弟子
「裕くん。」
次の日の朝食、ミオが唐突に話しかけてきた。
「どした?」
「昨日考えてたんだけどさ。裕くん超能力者なのに昨日何ひとつ超能力使ってなかったじゃん。」
「あ。…確かに。」
「ばんばん使わなきゃ駄目だよ。癖をつけよう。」
「癖。」
そういや人間界ではあんまり使ってなかったな。心がけてみるか。
ミオは続けて言う。
「で、今日は一家捜索とは別のことをしようと思ってます。」
「別のことって、なにさ。」
「お父さんのお弟子さんのもとに行こうと思って。」
「お弟子さんというと、魔法のですか?」
「その通り。」
ミオはパンっと手を合わせた。
「自分の師匠なんだから、何か知ってるかもしれない。」
「そうですね。」
颯真は小さく頷く。
「どこにいるか、わかってんのか?」
「うん。
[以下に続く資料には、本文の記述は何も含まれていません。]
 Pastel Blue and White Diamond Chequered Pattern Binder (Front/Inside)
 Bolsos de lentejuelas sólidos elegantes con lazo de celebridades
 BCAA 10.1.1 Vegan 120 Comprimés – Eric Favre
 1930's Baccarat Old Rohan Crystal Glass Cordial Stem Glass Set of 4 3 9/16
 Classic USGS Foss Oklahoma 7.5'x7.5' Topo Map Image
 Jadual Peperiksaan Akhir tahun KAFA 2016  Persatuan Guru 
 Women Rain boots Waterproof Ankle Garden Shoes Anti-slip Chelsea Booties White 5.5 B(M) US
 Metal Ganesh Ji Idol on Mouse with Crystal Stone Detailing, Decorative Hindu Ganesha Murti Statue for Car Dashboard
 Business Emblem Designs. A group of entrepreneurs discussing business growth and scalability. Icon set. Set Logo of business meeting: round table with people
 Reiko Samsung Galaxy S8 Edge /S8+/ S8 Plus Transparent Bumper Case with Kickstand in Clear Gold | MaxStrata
ここから山を一つ越えて、しばらく行ったところ。」
「げっ、山を越える?」
「なに嫌な顔してんの。魔法使えば一瞬じゃない。」
「そう…なのか?」そんな知っている風に言われても困る。
「まあ、来て。朝食はおしまい。出発しよう!」
ミオは元気に言うと、拳を突き上げた。
俺は、これが空元気なんて信じることはできなかった。
「は、速い!ミオ、速いって!」
「いやっほー!」
大きなホウキの上で、俺はミオに振り回されていた。
これは、よく童話で見る「空飛ぶホウキ」。二人乗るのが限界だというので、忍者の颯真は現在山登り中だ。
「落ちる!死ぬ!」
「そのスリルが楽しいんじゃん!さ、加速するよ~!」
「やめろおお~!!」
俺の叫びもむなしく、ホウキはさらにスピードを上げた。落下してもおかしくない速さだ。
「颯真は、ついてこれてるのか・・・?」
俺は力を振り絞って、下を見た。
なんと颯真は、ピッタリ俺たちの下についてきていた。
山の木から木へと、ぴょんぴょんスムーズに進んでいる。なんなら今にも追い抜かしそうなペース。
まだ13歳なのに。流石忍者だ。
「ねえ、裕くん!あそこ!見えてきたよ!」
ミオが叫んだ。俺ははっと、前を見る。
山に囲まれた、殻ぶき屋根の平屋が姿を現した。
「元気かなあ。」
ミオが微笑んで、言う。
そして俺たちと颯真は、ほぼ同時に平屋に到着した。
「颯真。お前、どんだけ、速いんだ、よ・・・」
「ははっ。兄ちゃん大丈夫?めっちゃ息切れてるじゃん。」
「逆に、なんで、お前は、息切れ、ないんだ。」
「裕くんの息切れは異常だって。つかまってただけなのに。」
「うる、さいっ」
俺はしゃがみ込んだ。すると、
「あああっ、危なーい!!」
「え?」
振り返った途端、俺は何故か吹っ飛ばされた。
訳が分からないまま、俺は地面に叩き付けられる。
「痛ったあ・・・。なんだなんだ。」
「し、失礼しました。」
目の前には、黒い帽子に、黒い服を着た少女が立っていた。
「まだ未熟なもので・・・、ん?」
少女はミオの顔をじっと見つめて、叫んだ。
「み、澪様!お帰りになられていたのですね。」
「え?」
「あーあ、相変わらずのドジっ子。」
「ミオ?」
「あ、こちらがお父さんの弟子、梨鈴ちゃん。」
「えっ」
俺は思わず仰天した。
幼稚園児ぐらいの少女が、ミオ父の弟子!?
「どうしたの、そんなに驚いて。」
「いや、思ってたのとだいぶ違ってて・・・。」
俺は頭を掻く。
「澪様、この方々は?」
「私の人間界での仲間。長い付き合いなの。」
「へえ。私、梨鈴といいます。宜しくお願い致します。」
リリはぺこりとお辞儀をした。
「あ~、もう可愛い!ほんと梨鈴ちゃん天使!」
その途端に、ミオが梨鈴に抱きつく。
そういや、颯真が産まれた時もこんな感じだったな。子供好きは、相変わらずか。
「とりあえず、お入りください。今、お茶とお菓子を持ってきますんで。」
リリが家の扉を開ける。俺たちはぞろぞろと家に上がった。